Tale preposizione regge naturalmente l’accusativo, caso di per sé caratterizzante il “complemento” di moto a luogo. Anzi, a differenza di quanto accade ad esempio in latino e in tedesco con la preposizione ineis può reggere solo l’accusativo.

Come si vede, dunque, il costrutto greco presenta una chiara “ridondanza”, ossia sottolinea ripetutamente il movimento che alla tentazione conduce, per cui è evidentemente fuori luogo ogni traduzione – tipo “non abbandonarci nella tentazione” – che faccia invece pensare a un processo essenzialmente statico.

Il latino “inducere”, molto opportunamente usato da san Girolamo nella Vulgata(traduzione della Bibbia dall’ebraico e greco al latino fatta da Girolamo nel IV secolo), essendo composto da ‘in’ (‘dentro, verso’) e ‘ducere’ (‘condurre, portare’), corrisponde puntualmente al greco eisphérein; e naturalmente è seguito da un altro in (questa volta preposizione) e dall’accusativo temptationem, con strettissima analogia quindi rispetto al costrutto greco.

Quanto poi all’italiano indurre in, esso riproduce esattamente la costruzione del verbo latino da cui deriva e a cui equivale sotto il profilo semantico.

Dunque la traduzione più giusta, che rimane fedele al testo è quella che è sempre stata: “non ci indurre in tentazione”. Ogni altra traduzione è fuorviante, e oserei dire anche grottesca.

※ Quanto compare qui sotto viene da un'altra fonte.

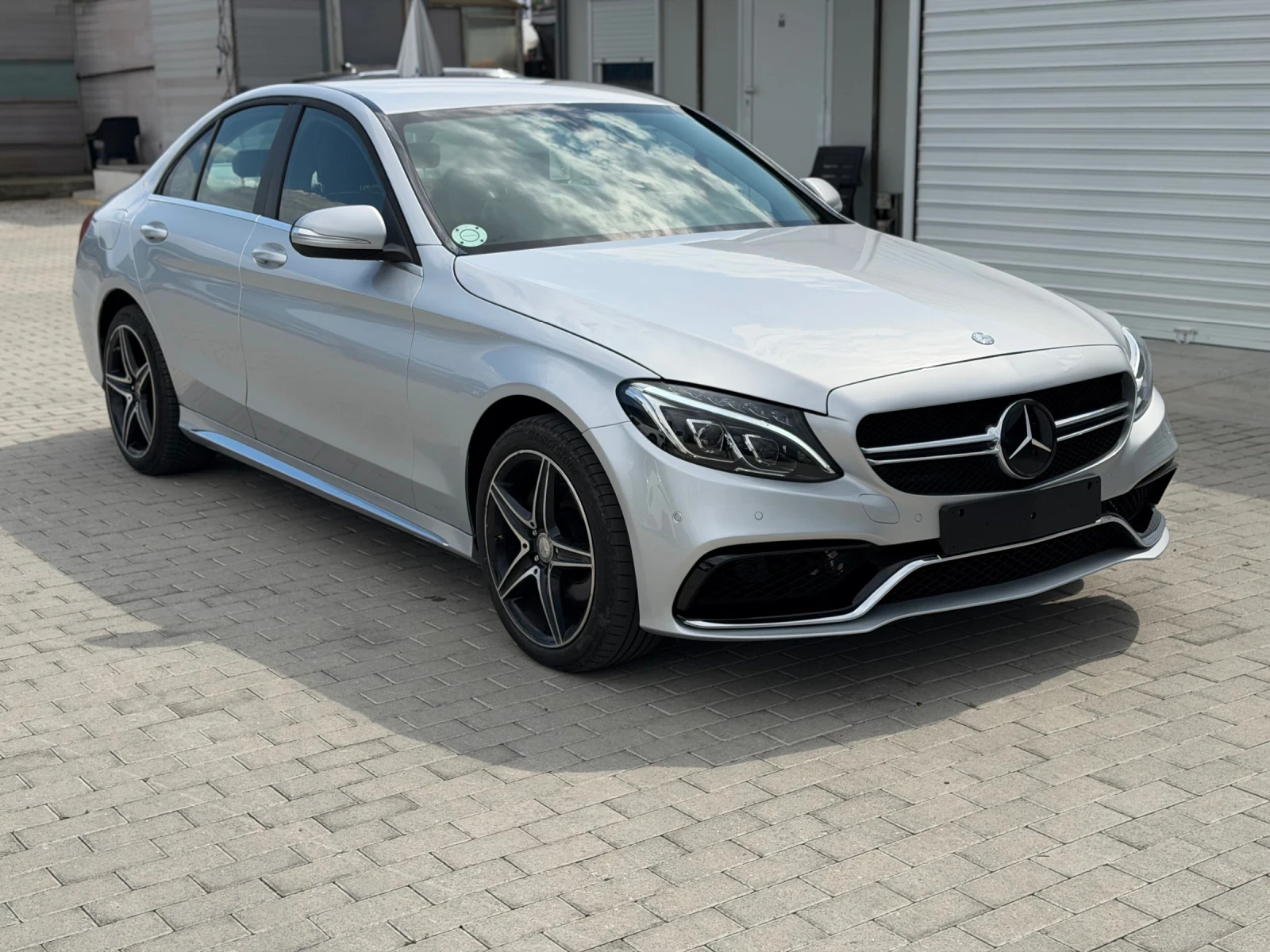 Mercedes-Benz C 220 2.2d/170hp/AMG-Line/ SERVICE BOOK/, снимка 3 - Автомобили и джипове - 55191280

Come ho detto in precedenza, il rispetto per il Testo Sacro è fondamentale, e si dimostra nella fedeltà delle traduzioni con i testi originali. Ma la tendenza oggi è quella di far prevalere il “politicamente corretto”, la traduzione morbida, mielosa. Sradicando completamente il vero significato di ciò che la Parola ci vuole dire.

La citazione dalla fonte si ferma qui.